For high-risk takers, 60% of their investments were
invested in stocks. When it comes to conservative investors, they can invest
either 60% of their money in gold or in bonds. This reduces their risks
considerably, but a down side with this is that returns are also bound to
reduce.
Nevertheless, with the recent spike in gold prices,
it seems that gold can bring in high returns after all. Therefore, such an
investment during high inflationary periods will be useful to protect your
wealth from losing its value.
Investing 60% in bonds, which are a go-between gold and
stocks, is considered worthwhile for conservative investors, who do not mind
taking a bit of risk. It will give you timely returns unlike gold, which gives
you money only when you sell it.
Conservative investors need to just invest 10% in
stocks on account of the risk it posses. The 10% investment in stocks is just
required to get a decent amount of returns for the investor.
While investing in stocks it is better you invest
in a good mutual fund rather than investing directly.
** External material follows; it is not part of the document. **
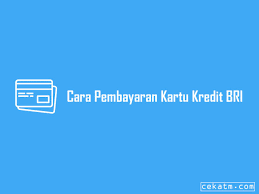 Berikut cara lengkap cek limit kartu kredit. 4 Cara Bayar Kartu Kredit Bri Terbaru 2021 Cek Atm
If you are adamant about
investing directly, then study your stocks well or invest in blue-chip
companies that have a history of high and consistent performance.
The 60:30:10 ratio doesn’t guarantee you a
fixed 15% returns for all kinds of investors. It is just that the ratio is the
perfect way to reduce your risks and maximize your profit. Any other
combination will either fail to minimize your risk or maximize your profit.
This is the perfect blend. So next time you think about investments, ensure that
you cook your investment meal with the right amount flavors added in the ratio
60:30:10.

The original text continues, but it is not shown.